= Problem =
Give the listing again in full and exactly, apart from its pictures.

= Input data =
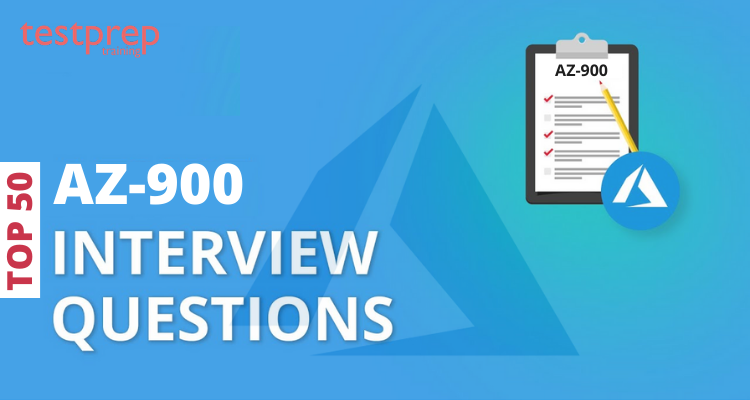 Top 50 AZ-900 Interview Questions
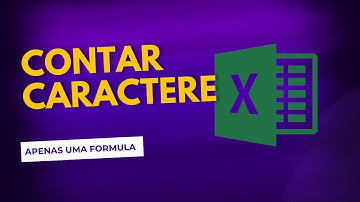 Como contar caracteres no excel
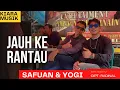 Download Lagu Lagu daerah jambi_jauh ke rantau❗❗voc : Safuan \u0026 Yogi saputra_arr : wahyu_kiara musik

= Solution for this exercise =
 Top 50 AZ-900 Interview Questions
 Como contar caracteres no excel
 Download Lagu Lagu daerah jambi_jauh ke rantau❗❗voc : Safuan \u0026 Yogi saputra_arr : wahyu_kiara musik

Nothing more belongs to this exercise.